Floyd-Steinberg dithering algorithm
The Floyd-Steinberg dithering algorithm is used as a way to distribute quantization errors to neighbouring pixels in an image.
For example, when quantizing a greyscale image with 8 bits per pixel to, for example, 1 bit per pixel, each pixel needs to be converted from the range 0…255 to the range 0…1. The values 0 and 1 could of course represent anything, however to maximise the luminosity range of an image they would normally represent black and white respectively. A simple approach might be to divide the input number by 255 and then round to the nearest whole number. Therefore, an input value of 0 would be 0, 1 would be 1, 128 would be 1, 64 would be 0, etc. We could of course change this “threshold” where the input maps from 0 to 1 to an arbitrary value; this is what is done using the “Threshold” operation in image editing software such as GIMP and Photoshop.

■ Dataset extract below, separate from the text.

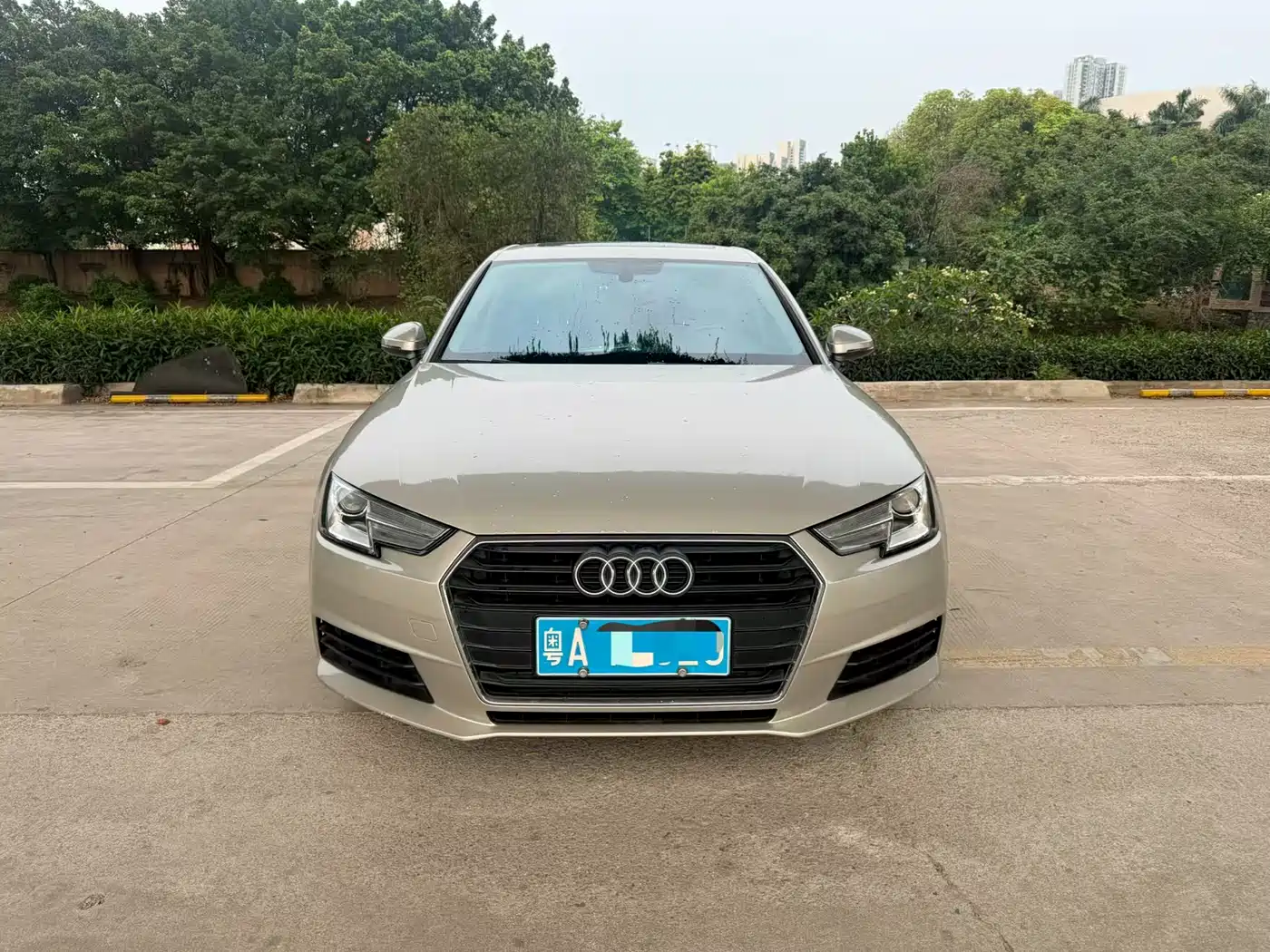 Audi A4L 2017 40 TFSI Progressive фото 2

This produces the following effect, which when trying to mimic the original image as closely as possible is not ideal:
We can of course change the number of levels used during quantization, but of course this comes at the cost of having to have more bits per pixel. For example, here is the same example when quantizing pixels to the nearest possible luminosity using 2 bits per pixel:
But if trying to match the source image as closely as possible is our goal, we can do better. Imagine each pixel before and after quantization; we can calculate the quantization error by subtracting the quantized value from the original value. In the first example, an input value of 0 maps to 0, so the error is 0. Similarly 1 maps to 1 so the error is also 0. A value of 64 however maps to 0, so our error is 64 in this case. While we don’t have enough bits to do anything about this for the current pixel, we can use the neighbouring pixels to distribute this error over a wider area. This is how Floyd-Steinberg (and other) dithering algorithms work.

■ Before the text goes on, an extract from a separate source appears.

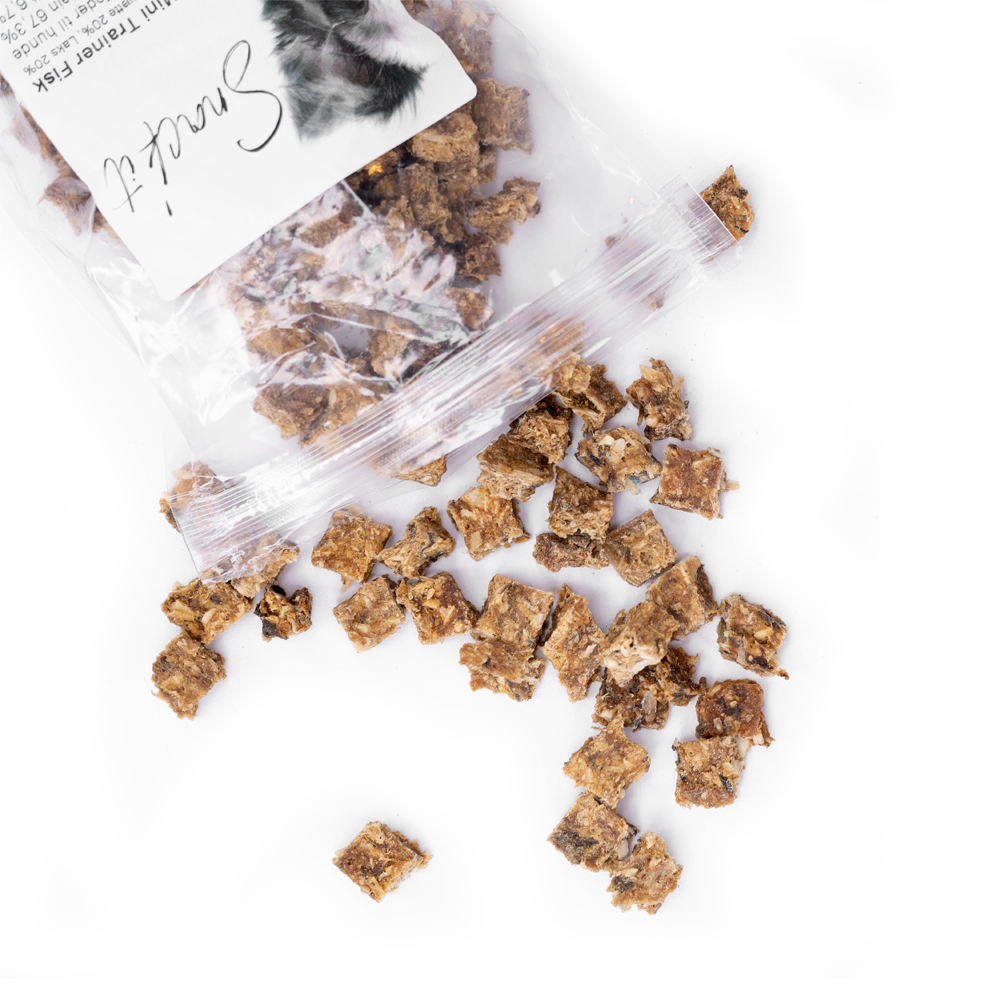 Mini Trainers Fisk 100g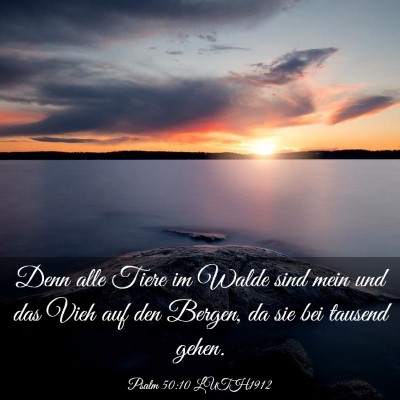 Picture 03 - Psalm 50:10 LUTH1912 - Denn alle Tiere im Walde sind mein und das Vieh - Bible Verse Picture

To see the effect, here is the first example above using Floyd-Steinberg dithering:
Each pixel is still only one bit (black or white), however the quantization error for each pixel has been distributed across the image resulting in an image that more closely matches the original. Of course we can increase the available bits during quantization, so again here’s an example using 2 bits per pixel:
Feel free to play with the demo; you can also load other images via a URL to see how it works on other examples.
Performance
As with the previous example, there is not a huge difference between the performance of the WebAssembly module and the plain JavaScript version. However, there does seem to be a slight performance gain using WebAssembly this time, especially in Firefox in Linux.
This could be due to the slightly increased complexity of the algorithm compared to the Mandelbrot set renderer. In the latter, each pixel is calculated independently and in series and only written, which is very easy to optimise. In this example however, the algorithm requires a read and write from the current pixel and four reads and writes to neighbouring pixels for every pixel in the image.
As the algorithm reads and writes to neighbouring pixels, care must be taken to ensure that out-of-bounds array accesses cannot occur. Interestingly, if the algorithm is modified so that this safety is not enforced, the plain JavaScript version is slowed significantly. This indicates that the browser JIT compiler is either capable of optimising the bounds checks out completely when it detects that the code is written correctly, or that bounds checking causes the observed overhead only when an out-of-bound read/write occurs.
Conclusion This example proves yet again how well modern browsers are able to optimise JavaScript code. It also proves that even though WebAssembly support is extremely new (as of writing), performance in both Chrome and Firefox is on-par with the browser’s best optimisations to JavaScript code for these simple algorithms, which is excellent.
I can only imagine that WebAssembly will continue to be optimised, and it will be very interesting to throw threading into the mix as soon as it is supported.